By no means do I think I'm doing it on my own - I have discovered that you *are* truly rich when you have true friends and family who love you unconditionally. To be embraced and cherished when you feel at your lowest, rejected and defeated, it's pretty much the most amazing feeling. Even when I am convinced it's gonna be a rough day, there's always something - an email, a text, an invitation, a present in the mail or at my doorstep - to bring a smile to my face and uplift to my heart and soul.
I don't feel alone in this.
And because of that, everyday I see things that show me I am coming back together, to me.
I gotta lotta shit to work through here. I think when it's just you and that's it, there's nowhere to run and nowhere to hide and noone else to blame.
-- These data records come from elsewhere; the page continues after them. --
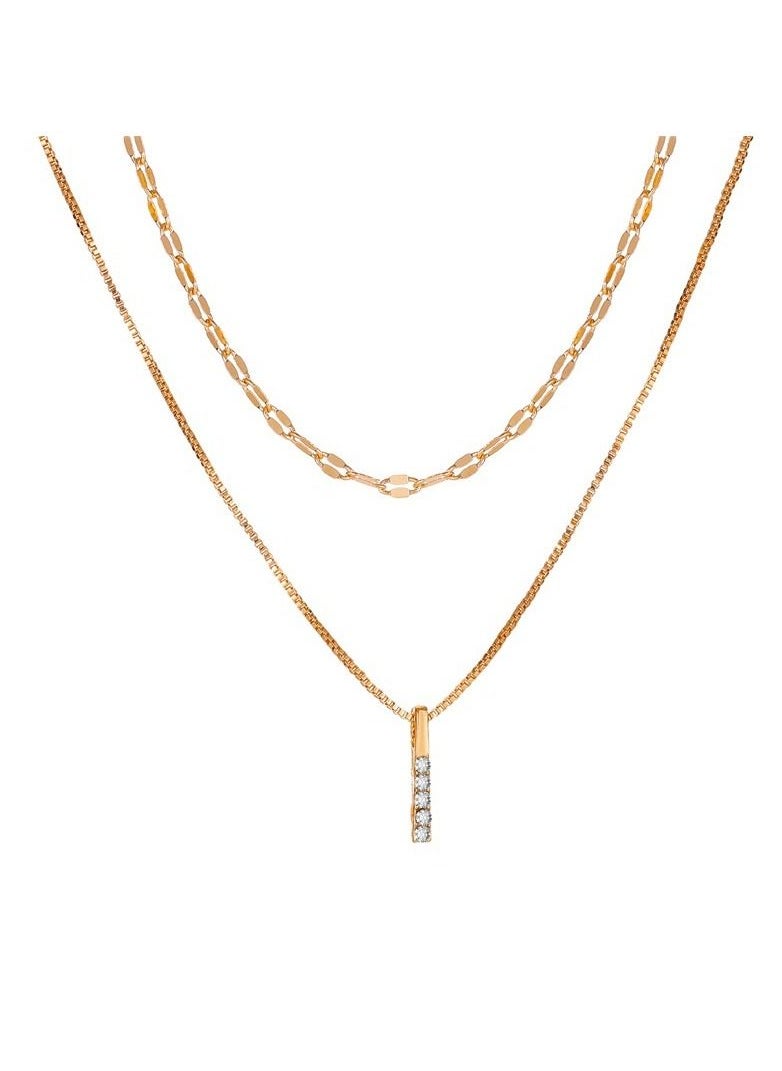 Satinior - Simple double stacked necklace sweater chain - Image 1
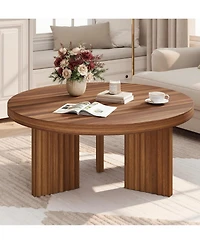 gaomon 33.5" Round Coffee Table with Fluted Legs and Thick Top,Accent Cocktail Tables for Living Room, Bedroom, Easy Assembly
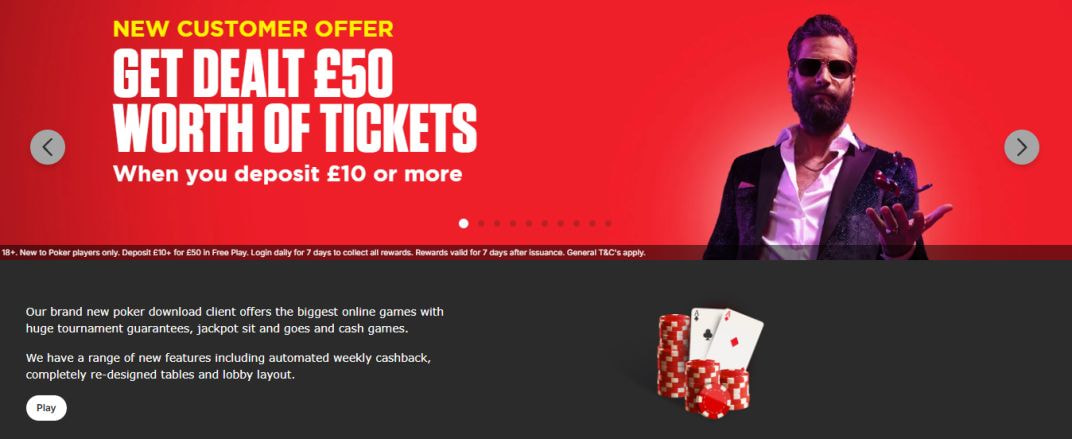 Ladbrokes poker home page banner reading New customer offer: get dealt &pound;50 worth of tickets when you deposit &pound;10 or more, with the offer terms beneath it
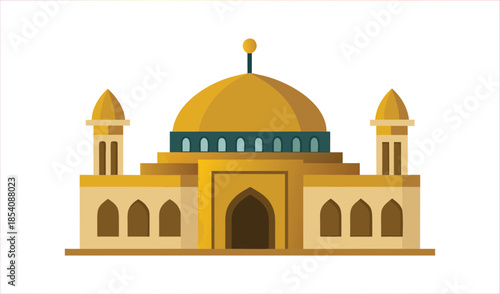 Flat Design Golden Mosque Building with Minarets and Arched Entrance on White Background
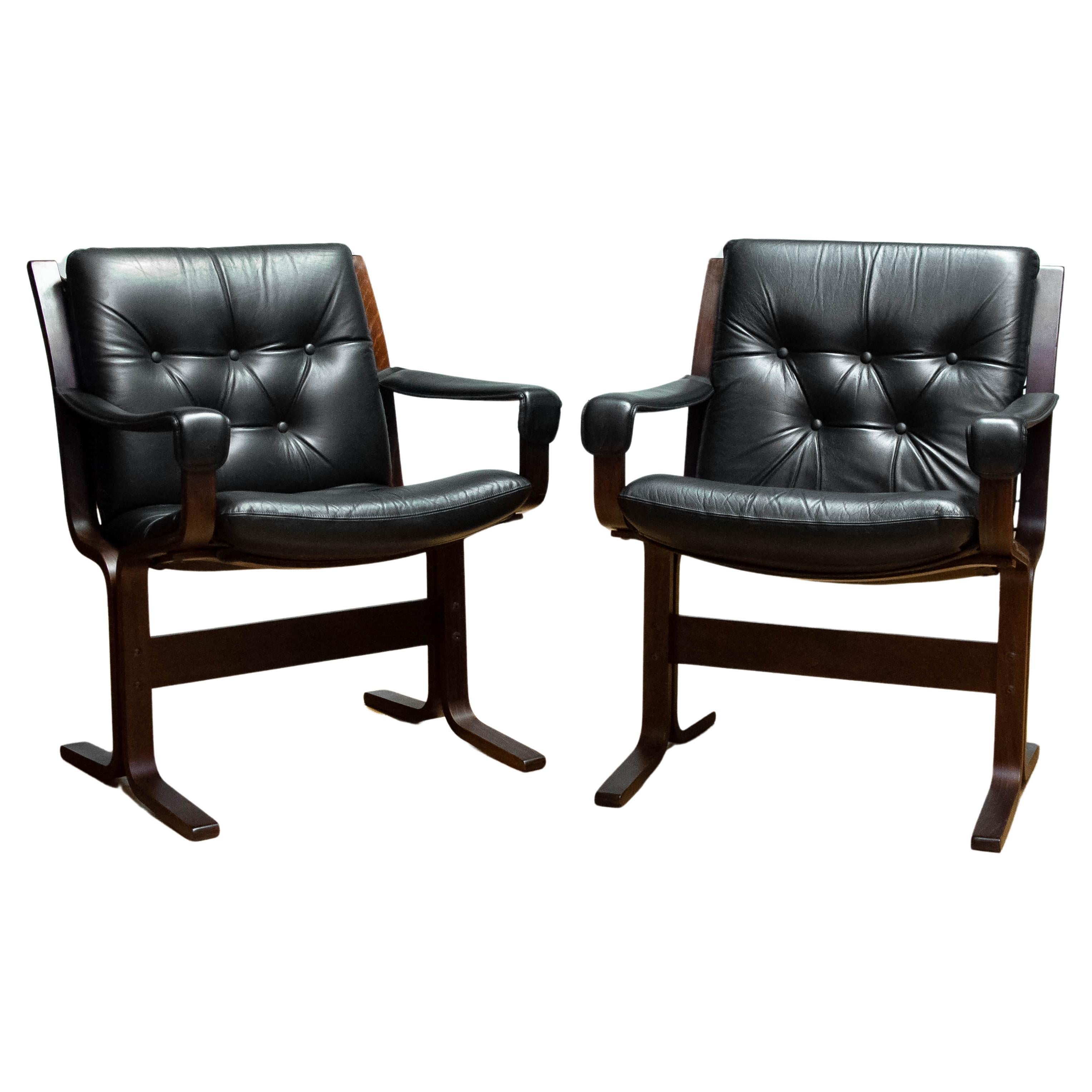 Pair Black Leather 'Siesta' Dining / Office Chairs By Ingmar Relling Westnova For Sale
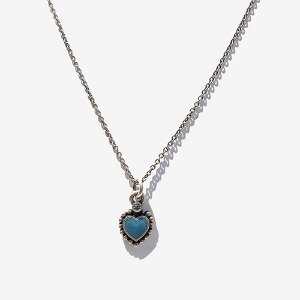 [RUSHOFF] Sky-Blue Heart pendant Chain Necklace  / 스카이블루 하트 펜던트 체인 목걸이 (은도금)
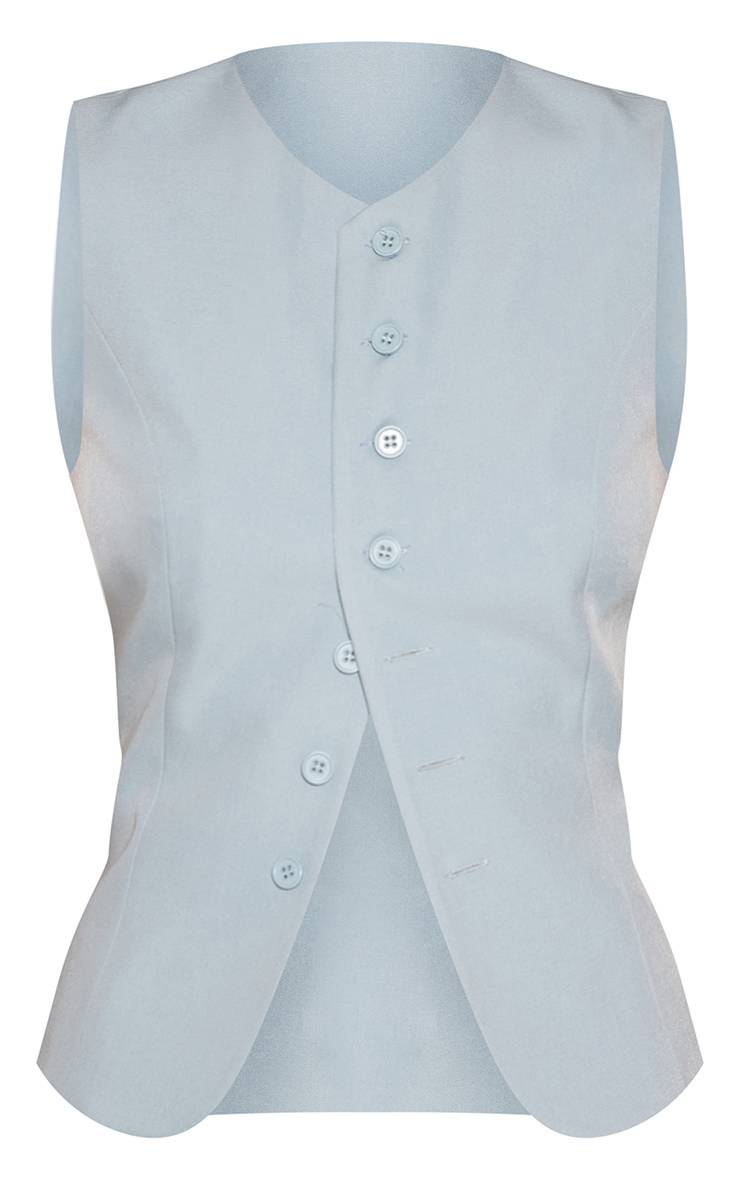 Bleu Poudré Gilet Ajusté Tissé Ensemble Coordonné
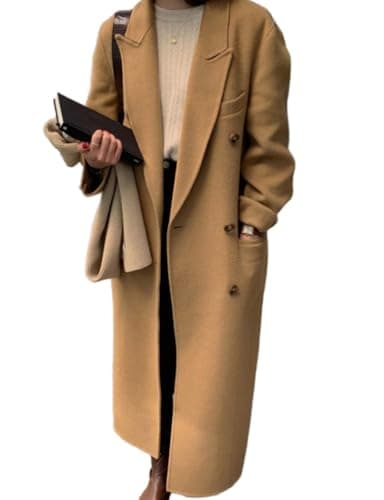 IDEALSANXUN Women's Long Wool Trench CoatFall Winter Double Breasted Jackets — Camel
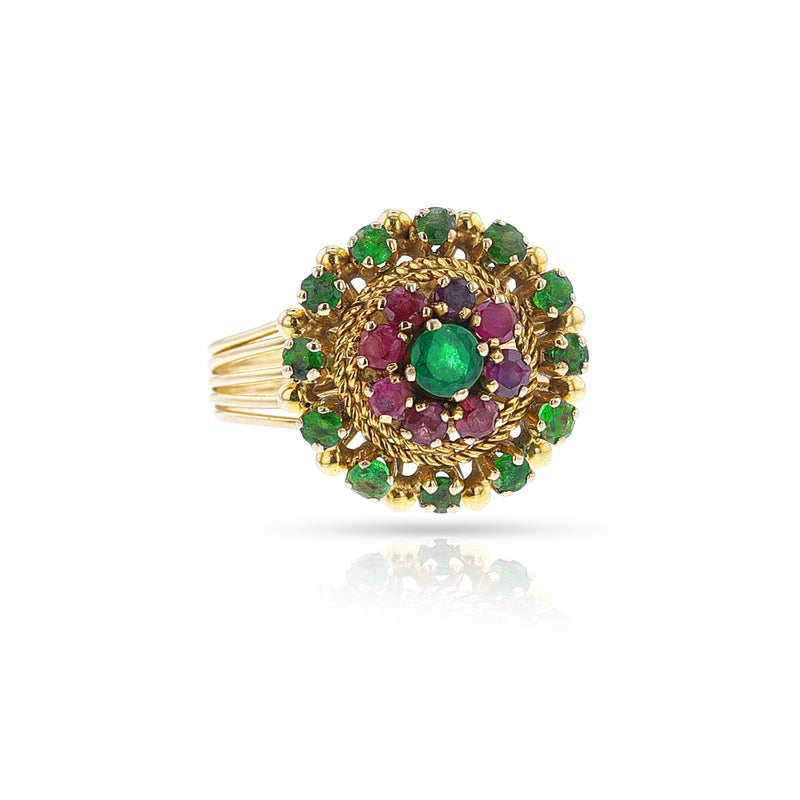 Emerald, Ruby and Gold Ring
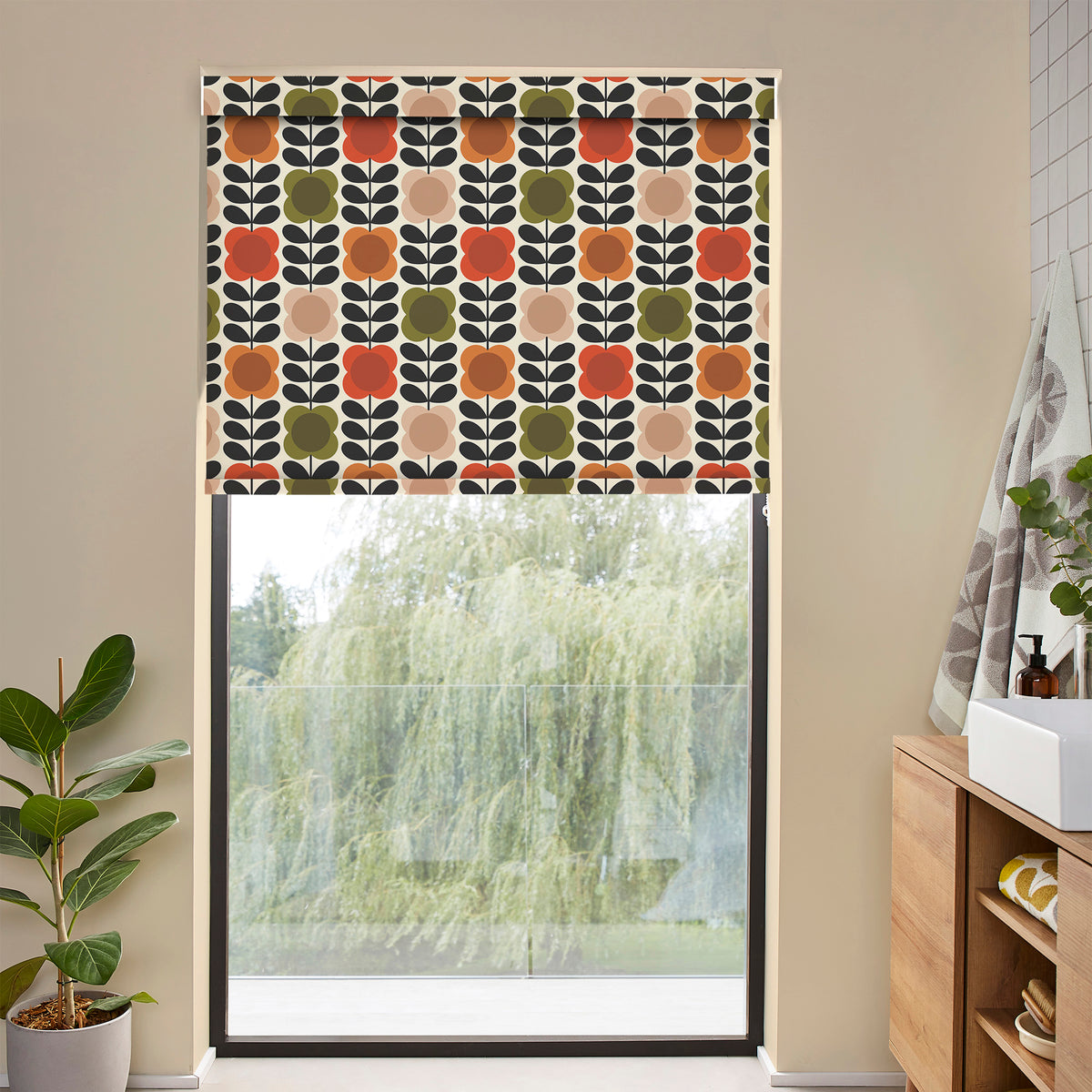 Orla Kiely Spot Flower Stem Made to Measure Blackout Roller Blind Tomato Pink
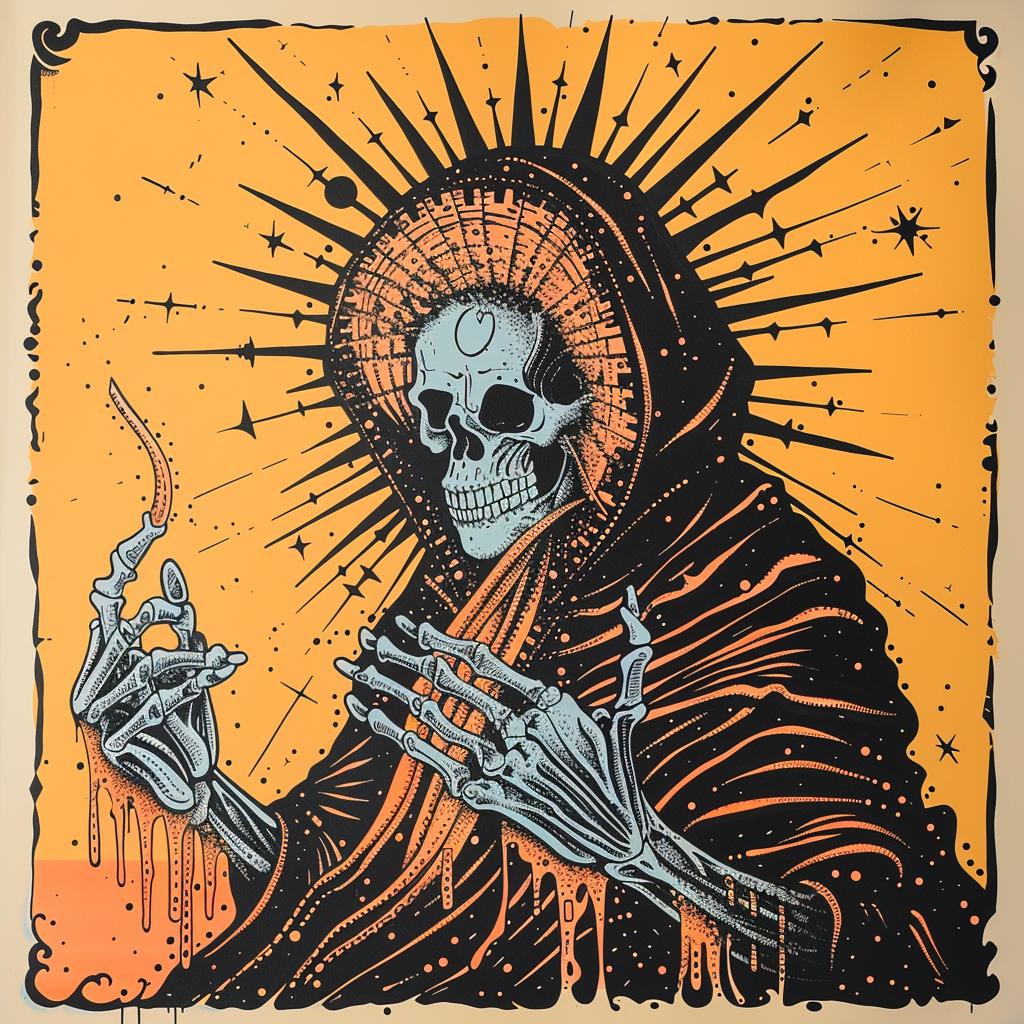 skeleton  cigarette  poster  spiritual  dark  occult  naturalistic  terror  Yoshitaka  Amano 927168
And so I've found myself picking up a lotta junk I probably buried good on 6 years ago and sorting through it again. Looking at it and wondering if I need it. Am I going to pack it up and move house with it again or am I gonna cull, toss the junk and reduce my boxes? It's a physical and a metaphorical process for me right now.
But ... like I said ... there's glimmers of hope. Tonight I made dinner and I made enough for lunch tomorrow. I packed it all up and it's ready to go for tomorrow. That may *seem* like a regular, normal thing, and that's so the point. *That* is how far along I have come in dealing with my OCD. I can't even really believe it a) that I've come this far and b) that this same person was that same person.